# Power vs Control



## ntegravtec (Mar 30, 2005)

So, you hear a lot of people saying their first mods will be power related... and then there are others that might go with something suspension related...

Given the Z's current power and handling abilities, which way would give you more bang for your buck? Would increasing the power a little bit with things like a JWT popcharger be more fruitful? Or would tweaking the suspension to squeeze out that last bit of road holding ability be the best way?

power is nothing without control?


----------



## Ruben (Oct 15, 2002)

I suggest the sway bars as the first mod for almost anyone with a Z. The POP charger adds only 5-7hp, and its a noise maker that gives the "impression" that there is tons of power.

Sway bars you can feel all the time if you're a daily driver. I like Hotchkis, but then again I never tried anything else.


----------



## LKC05350Z (Mar 13, 2005)

I can understand the advantage of it entering/exiting turns but still thinking about that daily commute. Does the sway bar mod make the car ride stiffer then it already is?


----------



## 3-fity (Nov 1, 2002)

LKC05350Z said:


> I can understand the advantage of it entering/exiting turns but still thinking about that daily commute. Does the sway bar mod make the car ride stiffer then it already is?


NO! If you get the Hotchkis TV1 kit it is a great difference. The sping/sway mod is a noticeable difference that make the car that much more fun to drive. After adding the springs the car if more comfortable and easier to ride in, and handles like a dream.


----------



## ntegravtec (Mar 30, 2005)

I think I'd agree with going towards suspension first in most sports cars. The little stuffs (CAI, intake manifolds, etc) aren't quite as noticeable as sticking to the line around a corner because your suspension held up..

I hear good stuff about hotchkis suspension parts (did the searches) but I'm looking at Teins for coilovers...


----------



## maximZ (Dec 9, 2004)

I went with an AEM CAI as my first mod but only because I got a really great deal on it. I love it.


----------



## SonsofWisdom (Mar 29, 2004)

I agree...handling then power...I mean...why have power if you can't be in complete control and thus using it to it's utmost potential.
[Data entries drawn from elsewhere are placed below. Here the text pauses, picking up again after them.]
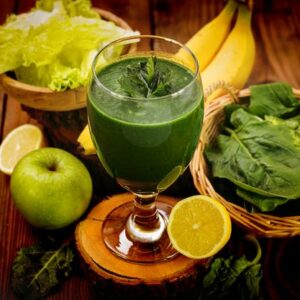 Suco detox com espinafre e limão tudo gostoso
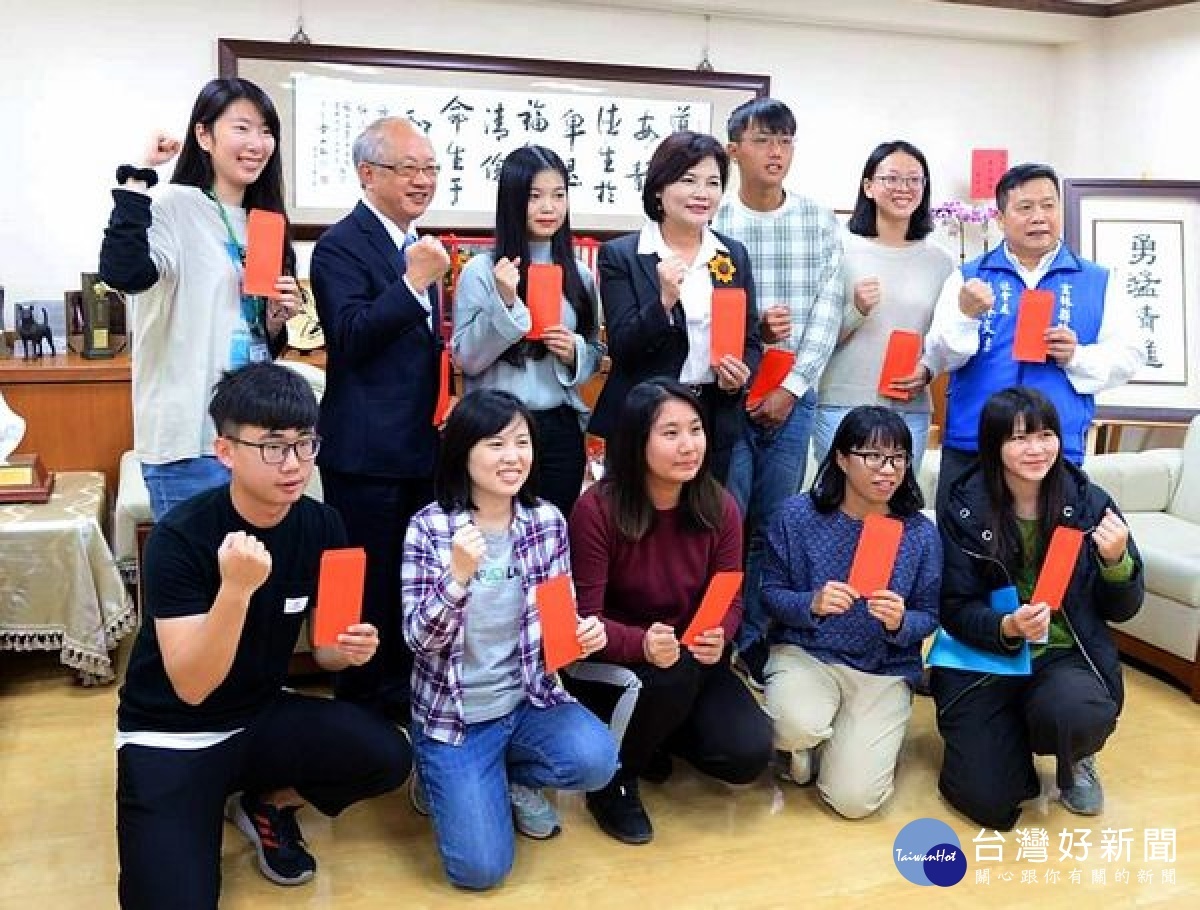 雲林縣長張麗善與代表雲林家扶的三位大專生相見歡，並與雲林家扶主委陳燦勳及廖志文主任共同為家扶學子加油。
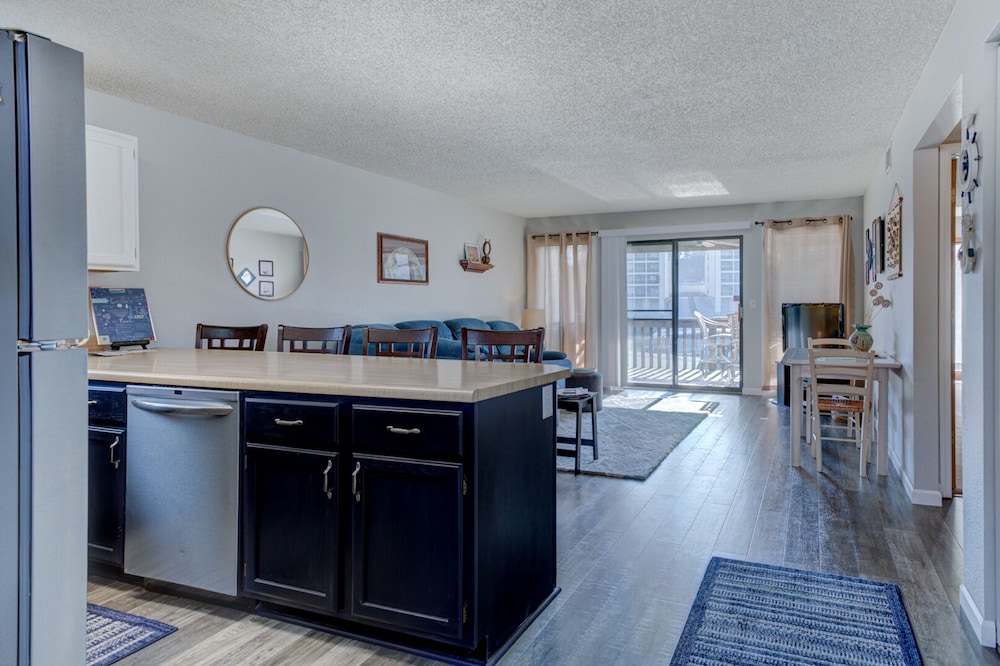 SALE!-2bd/2bth,waterfront,amazing pool on point,hot tub,gated community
You may have xxx hp...but you won't be able to go all out due to handling

That's just my opinion


----------



## FletchSpecV (Nov 26, 2002)

I agree, suspension first, then power mods. Here's a question for you guys. Which is better, Hotchkiss sways or Evo Sways? Also, what do you guys think about Tanabe exhaust and suspension? Just had a friend who works for them and says he can get me a good deal. Thanks!
Fletch


----------



## Ruben (Oct 15, 2002)

I went with the Hotchkis for price, adjustability, and weight since they are hollow.
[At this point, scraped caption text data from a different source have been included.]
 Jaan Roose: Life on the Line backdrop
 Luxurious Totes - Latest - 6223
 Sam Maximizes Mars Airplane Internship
I read up on them all, and these fit my needs, and work great.


----------



## westpak (Jan 9, 2003)

I agree with all of the above, swaybars are great, they give you might tighter steering and response and the spings almost eliminate any lean the car has on turns.

Then go with power

1. Plenum
2. hi flow cats or test pipes
3. y-pipe/single exhaust or dual (for NA I prefer the single systems)
4. Flywheel

And I would leave it at that the rest of the mods I don't think give you the power for money ratio worth while. These mods will give you a nice quick Z, if you want a lot more power then save the money and go for forced induction first and then follow with the other mods to improve upon FI.


----------